Keterangan ini diperoleh dari penuturan lisan RM Husein Natodiradjo, yang kemudian dicatat oleh Ikhsan dalam bukunya Palembang dari Waktoe ke Waktu.
“Setiap kelompok keluarga dari zuriat sultan dan bangsawan Palembang memiliki ungkonan sendiri. Ungkonan makam yang beratap disebut gubah, sementara yang tanpa atap disebut jambangan,” kata Ikhsan.
Banyak tokoh bangsawan bergelar Raden, Masagus, Kemas, atau Kiagus juga dimakamkan di sana, dan hingga kini masih dapat ditemukan prasasti-prasasti makam di kawasan tersebut.

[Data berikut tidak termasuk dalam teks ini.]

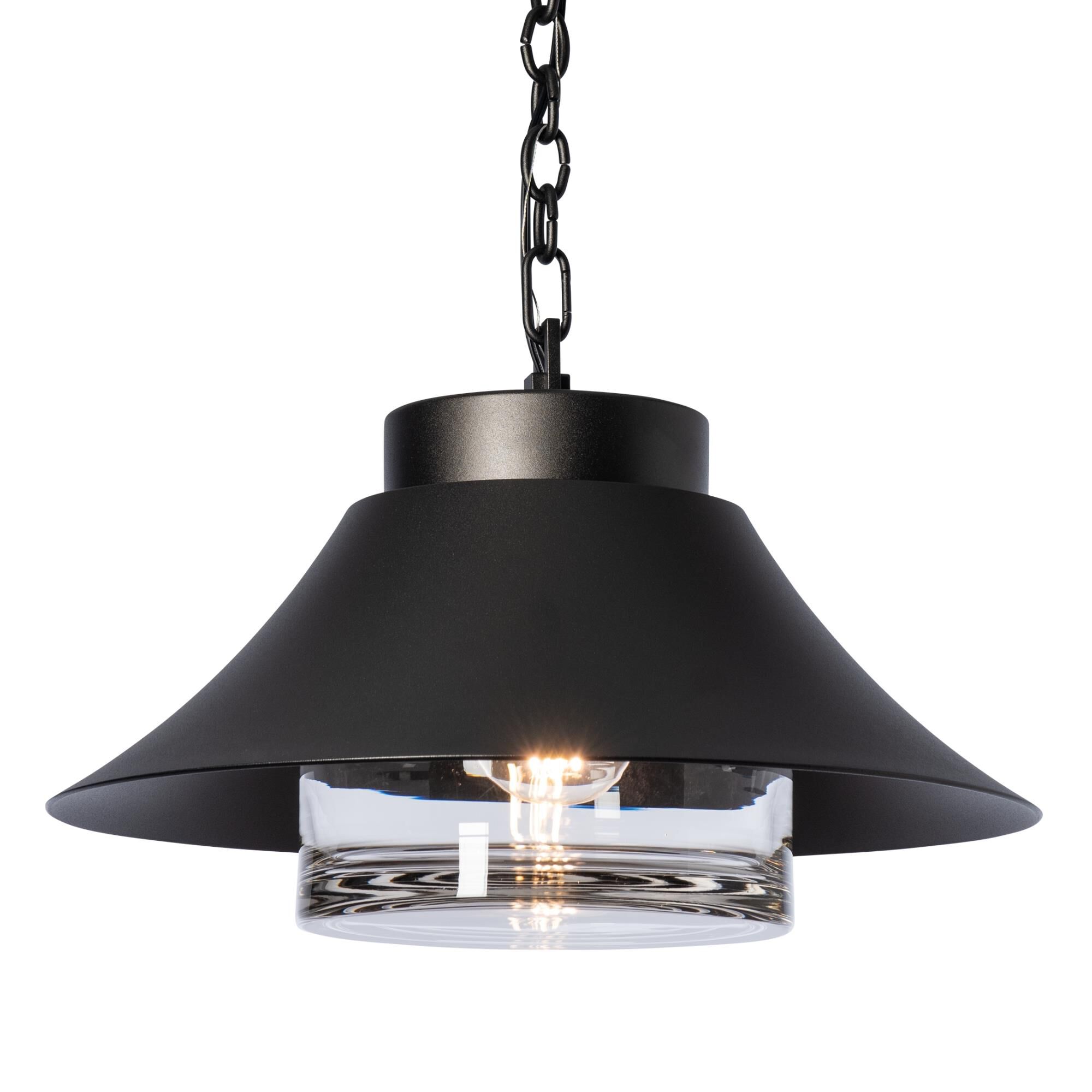 Stowe 18 Inch Outdoor Hanging Lantern by Hubbardton Forge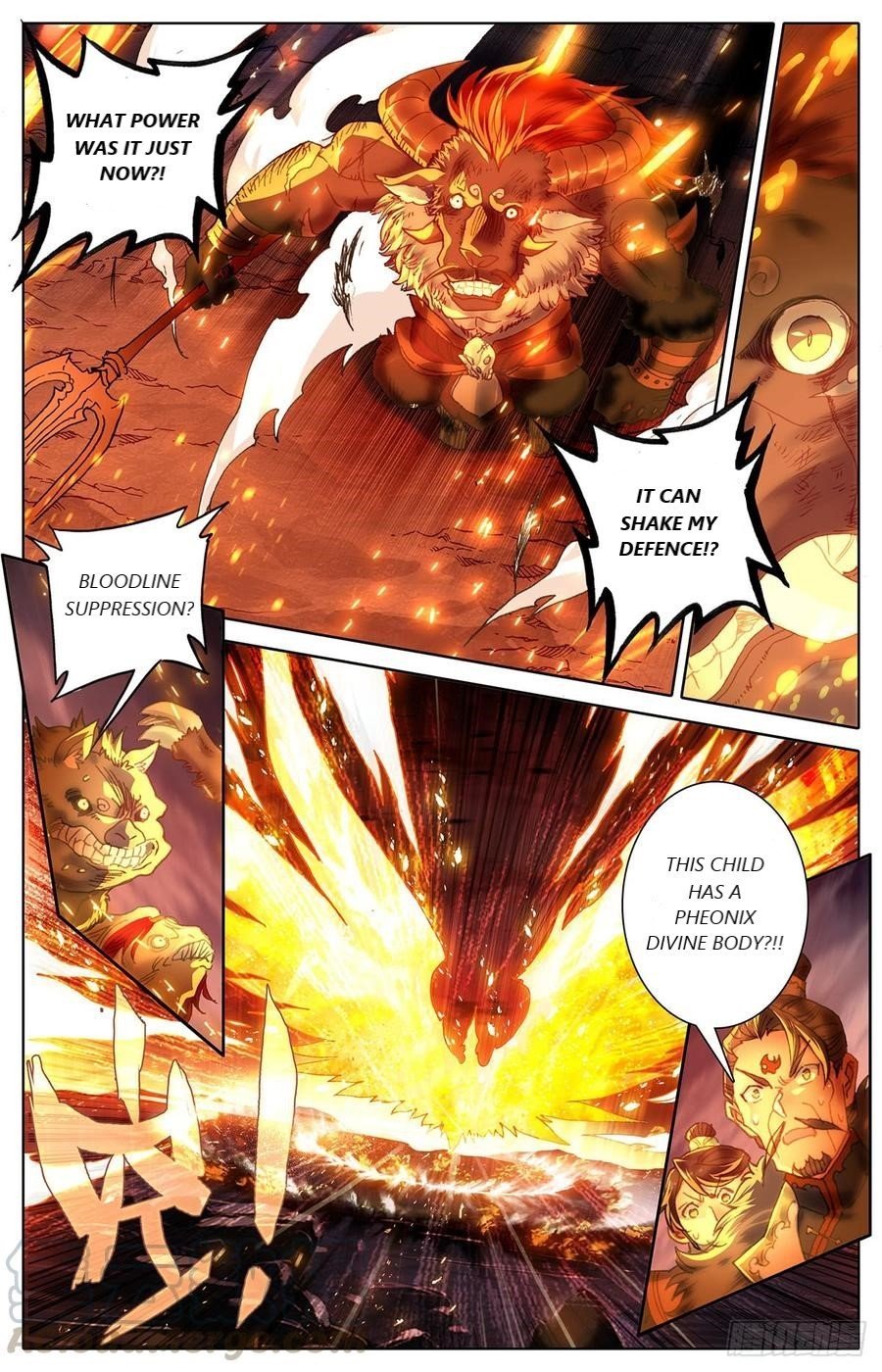 Azure Legacy chapter 41 page 9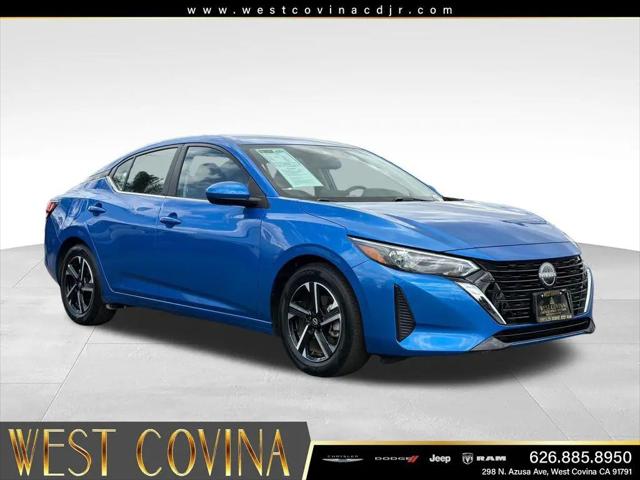 2025 Nissan Sentra SV for sale in West Covina, CA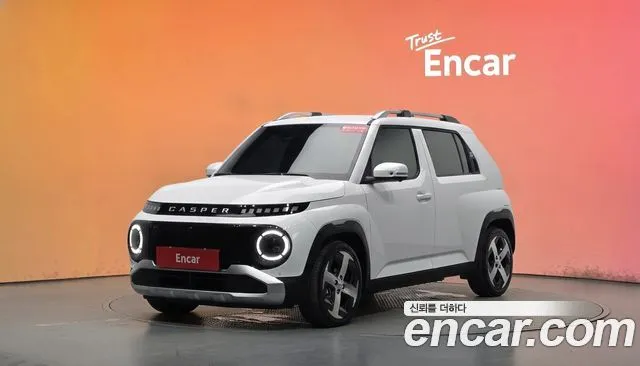 Hyundai Casper Inspiration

Ikhsan menjelaskan bahwa area pemakaman ini membentang luas dari sekitar makam Sunan di dekat Pasar Cinde hingga ke Jalan Cinde Welang, International Plaza, Jalan Serelo, Jalan Kebun Jahe, Kolonel Atmo, hingga Angsoko.

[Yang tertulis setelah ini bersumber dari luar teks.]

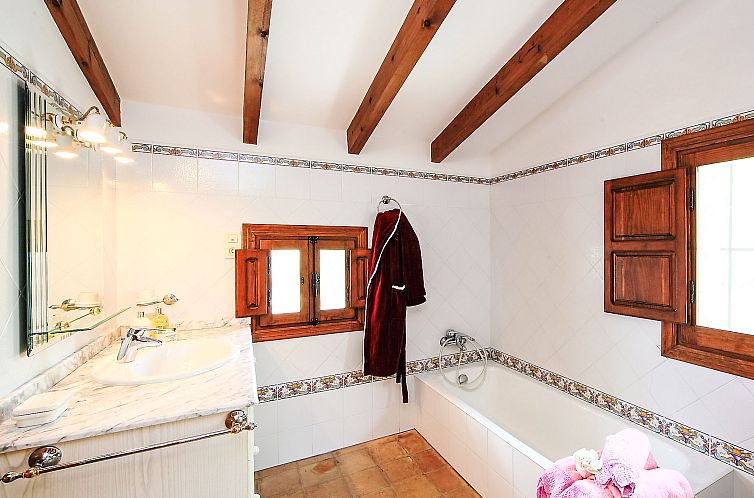 Vakantiehuis Baile del Sol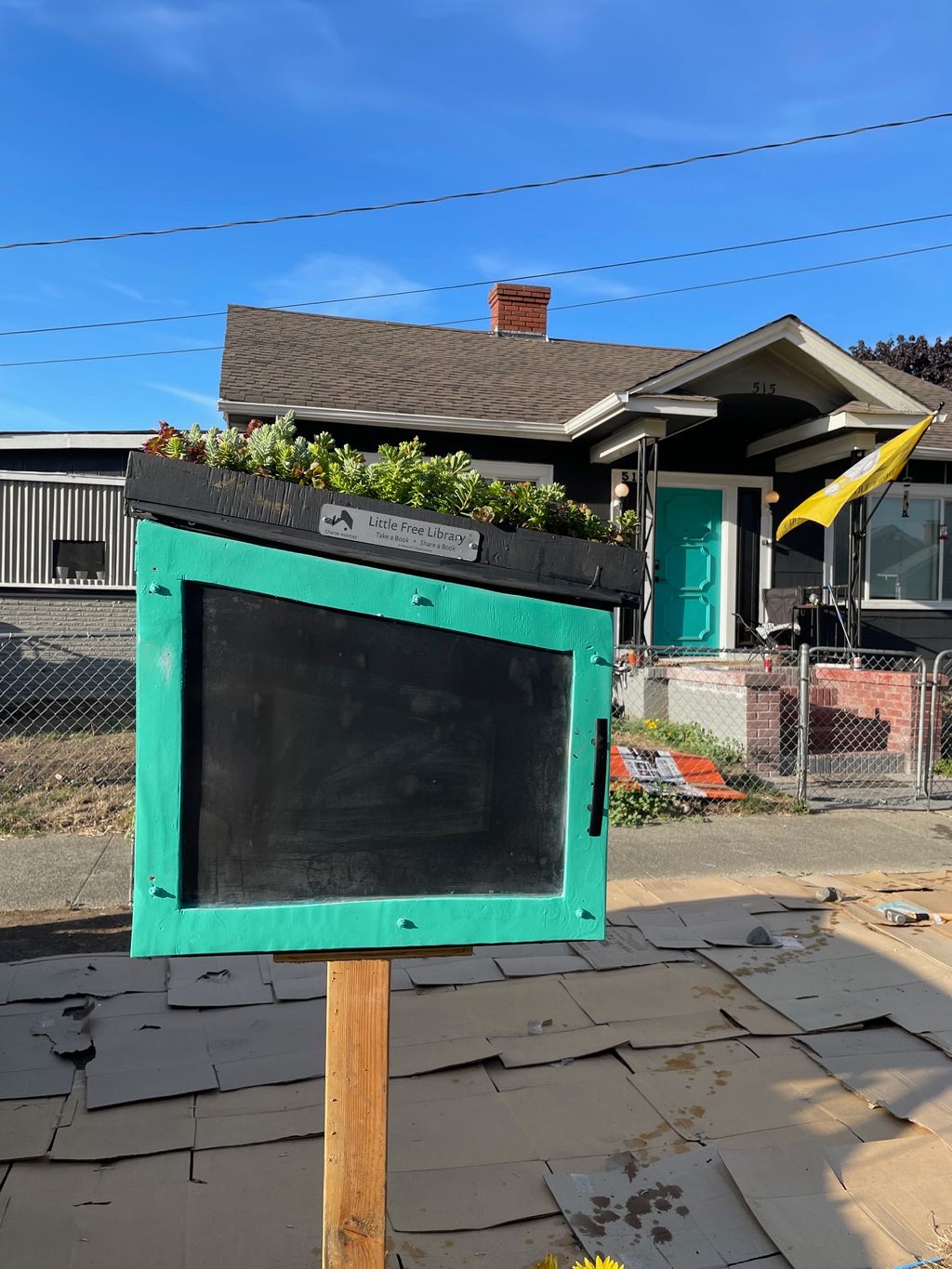 Projects and media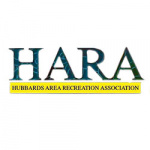 Hubbards Area Recreation Association Logo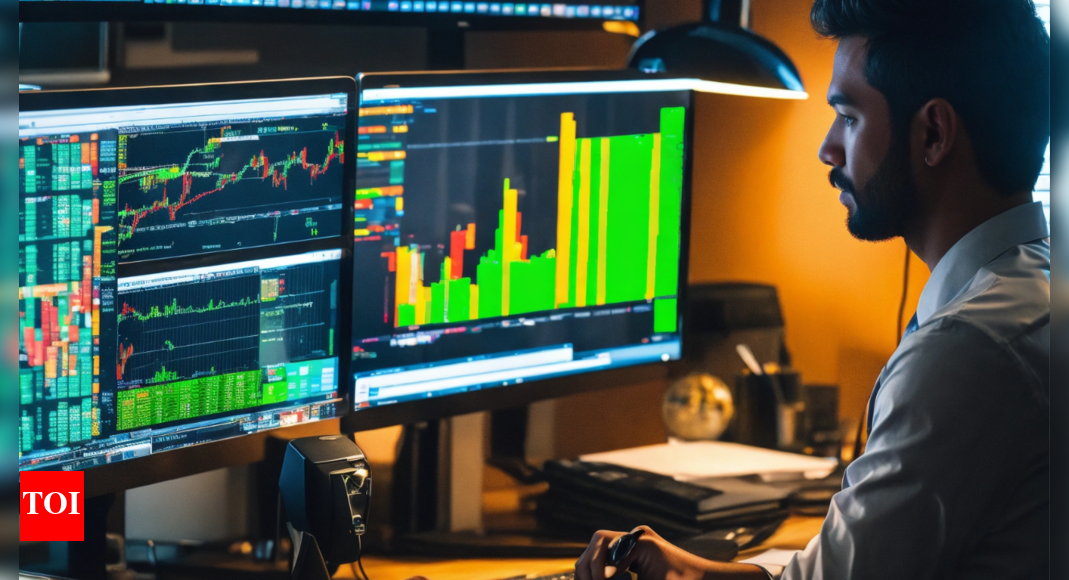 Indians rush to buy the dip on Wall Street amid market chaos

“Jangan heran jika sampai sekarang masih ada ungkonan-ungkonan makam berdampingan dengan bangunan toko di kawasan itu,” tambahnya.

Kompas/Adrian Fajriansyah (DRI)
14-05-2017
Dari Pemakaman ke Pusat Perdagangan: Lahirnya Pasar Lingkis
Sejak 1916, Pemerintah Kotapraja Gementee Palembang menutup kawasan tersebut sebagai pemakaman dan membuka pemakaman umum baru seperti Kandang Kawat Dukuh, Talang Ilir, Kamboja, dan Puncak Sekuning.
Sebelum berdiri permanen pada 1958, pasar ini dikenal sebagai Pasar Lingkis, yang diyakini berasal dari banyaknya pedagang asal Lingkis (OKI) yang berdagang di sana. Bahkan nama Lingkis kini diabadikan menjadi nama lorong di Jalan KS Tubun.
Di sekitar Pasar Cinde juga ada Lorong Pemulutan. “Bisa jadi selain orang Lingkis, juga banyak orang Pemulutan yang berperan di awal terbentuknya kawasan perdagangan ini,” terang Ikhsan.
Dari Sengketa Lahan hingga Gaya Arsitektur Modern
Mengutip biografi Wali Kota H.M. Ali Amin (Kesan-kesan dalam Kehidupan dan Dalam Berkarya…, 1998), pembangunan Pasar Cinde dimulai karena kondisi pasar lama yang kumuh dan tidak tertata. Lokasinya saat itu berada di tengah jalan yang kini berdiri Monumen Perjuangan.
Pemindahan pasar mengalami kendala pembebasan lahan karena tanah tersebut milik keluarga Lim dan tengah dalam sengketa waris.